View on GitHub

SIDATA

Turkish-Irony-Dataset

URL: https://github.com/teghub/Turkish-Irony-Dataset

Description: Turkish Social Media Dataset for Irony Detection

Project Overview

The Turkish-Irony-Dataset is a dataset designed for irony detection in Turkish social media texts. The dataset consists of 220 Turkish microblog texts, divided equally between ironic and non-ironic sentences. This dataset is particularly valuable for training models to identify irony in informal Turkish text from social media platforms.

Dataset Details:

Dataset Usage:

This dataset can be used to train and evaluate models that aim to detect irony in Turkish social media posts.

Datasets:

Dataset Statistics:

Training Methods:

The dataset requires preprocessing before training.
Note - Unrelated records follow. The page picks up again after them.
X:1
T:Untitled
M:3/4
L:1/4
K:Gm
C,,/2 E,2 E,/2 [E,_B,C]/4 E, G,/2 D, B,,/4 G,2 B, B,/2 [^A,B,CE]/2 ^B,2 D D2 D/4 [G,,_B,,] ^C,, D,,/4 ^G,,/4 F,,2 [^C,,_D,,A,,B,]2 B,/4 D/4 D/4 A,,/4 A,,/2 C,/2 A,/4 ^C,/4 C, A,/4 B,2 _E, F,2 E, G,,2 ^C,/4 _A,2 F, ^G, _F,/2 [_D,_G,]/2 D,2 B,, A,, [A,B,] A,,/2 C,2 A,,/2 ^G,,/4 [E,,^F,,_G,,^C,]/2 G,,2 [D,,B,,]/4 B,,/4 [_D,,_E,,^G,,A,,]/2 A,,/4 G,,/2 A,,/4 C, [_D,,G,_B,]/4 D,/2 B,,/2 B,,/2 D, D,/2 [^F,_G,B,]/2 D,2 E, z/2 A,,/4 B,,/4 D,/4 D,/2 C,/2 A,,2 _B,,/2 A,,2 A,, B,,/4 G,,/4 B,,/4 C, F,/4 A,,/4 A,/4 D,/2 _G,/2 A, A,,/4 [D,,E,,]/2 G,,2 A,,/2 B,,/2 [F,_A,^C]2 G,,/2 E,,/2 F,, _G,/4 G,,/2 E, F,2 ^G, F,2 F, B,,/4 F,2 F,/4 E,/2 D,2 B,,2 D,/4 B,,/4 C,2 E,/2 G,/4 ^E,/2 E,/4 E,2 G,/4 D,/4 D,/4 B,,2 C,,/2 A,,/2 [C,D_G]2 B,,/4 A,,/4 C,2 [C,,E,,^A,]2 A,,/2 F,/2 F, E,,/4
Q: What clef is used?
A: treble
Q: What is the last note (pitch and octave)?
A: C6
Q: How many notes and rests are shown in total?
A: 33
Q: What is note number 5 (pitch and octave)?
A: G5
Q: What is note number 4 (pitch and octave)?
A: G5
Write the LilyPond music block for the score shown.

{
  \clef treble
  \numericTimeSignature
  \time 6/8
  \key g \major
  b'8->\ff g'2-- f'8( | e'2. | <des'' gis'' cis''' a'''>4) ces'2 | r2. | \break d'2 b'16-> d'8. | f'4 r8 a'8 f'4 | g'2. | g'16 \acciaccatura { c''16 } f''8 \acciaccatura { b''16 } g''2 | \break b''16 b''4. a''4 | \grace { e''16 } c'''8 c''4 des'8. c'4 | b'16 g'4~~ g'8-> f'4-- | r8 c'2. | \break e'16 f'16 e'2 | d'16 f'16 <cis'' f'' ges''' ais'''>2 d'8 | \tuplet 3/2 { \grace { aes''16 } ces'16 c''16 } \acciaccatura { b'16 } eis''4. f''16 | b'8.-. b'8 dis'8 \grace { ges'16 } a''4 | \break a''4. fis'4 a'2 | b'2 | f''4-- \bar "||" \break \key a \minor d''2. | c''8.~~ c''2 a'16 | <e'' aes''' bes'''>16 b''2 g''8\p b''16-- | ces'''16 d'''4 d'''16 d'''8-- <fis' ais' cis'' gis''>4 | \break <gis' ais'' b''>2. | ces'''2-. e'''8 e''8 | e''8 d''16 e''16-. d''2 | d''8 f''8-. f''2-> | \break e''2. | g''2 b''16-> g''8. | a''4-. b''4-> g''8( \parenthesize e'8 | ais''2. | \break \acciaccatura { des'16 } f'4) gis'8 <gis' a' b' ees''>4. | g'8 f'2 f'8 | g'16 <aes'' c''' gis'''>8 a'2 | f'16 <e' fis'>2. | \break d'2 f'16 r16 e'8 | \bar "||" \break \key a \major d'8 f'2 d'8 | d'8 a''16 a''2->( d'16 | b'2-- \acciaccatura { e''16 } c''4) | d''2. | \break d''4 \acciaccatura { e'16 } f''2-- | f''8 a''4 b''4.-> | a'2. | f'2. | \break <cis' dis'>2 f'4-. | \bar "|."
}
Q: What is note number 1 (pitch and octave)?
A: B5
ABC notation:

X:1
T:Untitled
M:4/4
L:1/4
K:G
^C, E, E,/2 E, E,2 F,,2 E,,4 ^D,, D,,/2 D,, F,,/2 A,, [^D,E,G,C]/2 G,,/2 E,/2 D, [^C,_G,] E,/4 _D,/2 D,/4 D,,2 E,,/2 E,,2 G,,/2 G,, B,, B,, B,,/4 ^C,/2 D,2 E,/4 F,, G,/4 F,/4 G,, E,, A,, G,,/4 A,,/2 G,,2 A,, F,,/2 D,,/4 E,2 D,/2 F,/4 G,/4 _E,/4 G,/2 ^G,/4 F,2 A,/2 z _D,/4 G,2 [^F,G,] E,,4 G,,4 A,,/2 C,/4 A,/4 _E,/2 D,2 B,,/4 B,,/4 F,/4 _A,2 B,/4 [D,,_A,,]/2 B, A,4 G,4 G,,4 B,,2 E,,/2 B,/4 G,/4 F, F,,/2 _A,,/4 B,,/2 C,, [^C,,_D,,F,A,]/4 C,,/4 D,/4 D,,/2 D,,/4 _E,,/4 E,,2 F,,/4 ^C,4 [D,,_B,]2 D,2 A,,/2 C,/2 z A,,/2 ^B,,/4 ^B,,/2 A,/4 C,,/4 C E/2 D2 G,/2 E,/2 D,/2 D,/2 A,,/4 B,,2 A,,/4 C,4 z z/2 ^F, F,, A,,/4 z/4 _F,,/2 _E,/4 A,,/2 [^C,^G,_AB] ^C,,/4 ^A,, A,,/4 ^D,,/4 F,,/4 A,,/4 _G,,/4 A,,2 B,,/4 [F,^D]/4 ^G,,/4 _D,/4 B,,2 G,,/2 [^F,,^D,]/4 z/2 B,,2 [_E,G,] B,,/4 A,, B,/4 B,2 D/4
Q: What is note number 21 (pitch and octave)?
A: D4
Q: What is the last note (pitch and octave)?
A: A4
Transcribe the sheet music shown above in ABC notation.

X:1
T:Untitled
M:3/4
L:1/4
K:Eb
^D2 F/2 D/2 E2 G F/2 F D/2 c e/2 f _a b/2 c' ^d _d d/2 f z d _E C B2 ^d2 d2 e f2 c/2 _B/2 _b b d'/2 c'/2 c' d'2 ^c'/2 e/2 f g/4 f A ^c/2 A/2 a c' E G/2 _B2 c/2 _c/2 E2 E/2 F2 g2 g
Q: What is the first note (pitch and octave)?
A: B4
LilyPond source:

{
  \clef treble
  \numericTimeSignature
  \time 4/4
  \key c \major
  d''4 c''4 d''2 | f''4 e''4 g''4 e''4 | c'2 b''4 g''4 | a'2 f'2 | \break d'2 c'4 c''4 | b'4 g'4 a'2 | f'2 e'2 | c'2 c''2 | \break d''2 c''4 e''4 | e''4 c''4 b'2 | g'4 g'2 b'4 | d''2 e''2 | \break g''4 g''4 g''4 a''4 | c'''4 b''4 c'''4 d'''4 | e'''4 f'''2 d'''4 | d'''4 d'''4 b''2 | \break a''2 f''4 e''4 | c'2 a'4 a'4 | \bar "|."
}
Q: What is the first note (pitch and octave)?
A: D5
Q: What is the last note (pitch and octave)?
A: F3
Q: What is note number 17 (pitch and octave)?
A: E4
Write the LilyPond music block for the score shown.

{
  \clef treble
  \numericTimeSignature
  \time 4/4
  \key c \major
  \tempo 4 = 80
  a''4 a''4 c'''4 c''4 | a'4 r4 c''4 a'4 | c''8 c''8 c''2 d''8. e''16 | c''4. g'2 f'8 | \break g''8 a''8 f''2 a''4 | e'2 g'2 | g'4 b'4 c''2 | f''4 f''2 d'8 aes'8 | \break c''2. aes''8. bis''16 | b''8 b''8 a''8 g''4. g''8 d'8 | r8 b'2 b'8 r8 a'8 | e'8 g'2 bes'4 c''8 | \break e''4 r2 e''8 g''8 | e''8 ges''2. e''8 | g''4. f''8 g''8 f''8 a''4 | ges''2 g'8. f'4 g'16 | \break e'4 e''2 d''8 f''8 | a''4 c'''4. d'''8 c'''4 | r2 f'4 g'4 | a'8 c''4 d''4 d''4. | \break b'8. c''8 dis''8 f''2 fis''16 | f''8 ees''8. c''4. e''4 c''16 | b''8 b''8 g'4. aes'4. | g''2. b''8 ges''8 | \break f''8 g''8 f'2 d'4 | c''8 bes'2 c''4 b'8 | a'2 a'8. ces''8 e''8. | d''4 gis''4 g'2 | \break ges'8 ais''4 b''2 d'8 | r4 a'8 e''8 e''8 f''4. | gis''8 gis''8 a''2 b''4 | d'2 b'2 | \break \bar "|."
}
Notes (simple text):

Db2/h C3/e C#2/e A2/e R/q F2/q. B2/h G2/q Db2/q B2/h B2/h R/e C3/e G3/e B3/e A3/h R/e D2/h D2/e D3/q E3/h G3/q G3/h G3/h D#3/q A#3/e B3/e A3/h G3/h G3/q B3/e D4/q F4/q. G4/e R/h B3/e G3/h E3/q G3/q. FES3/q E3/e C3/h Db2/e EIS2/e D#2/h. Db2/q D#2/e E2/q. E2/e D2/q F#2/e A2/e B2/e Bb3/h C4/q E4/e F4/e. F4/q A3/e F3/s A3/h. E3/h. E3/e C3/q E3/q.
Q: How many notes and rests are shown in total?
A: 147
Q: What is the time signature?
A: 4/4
The following steps are involved:

  1. Data Preparation: Execute the data_prep.py script to convert the .csv file into .tsv format.
  2. Model Execution: After preparing the data, run the run_model.py script to evaluate your model.
  3. Cross-validation: The dataset includes 10-fold cross-validation files (e.g., 0_train.tsv, 1_test.tsv) for evaluating the model’s performance.

Results:

The evaluation results, including accuracy and other metrics, are saved in the outputs directory. However, specific performance metrics such as accuracy, precision, recall, or F1 scores were not provided in the information shared.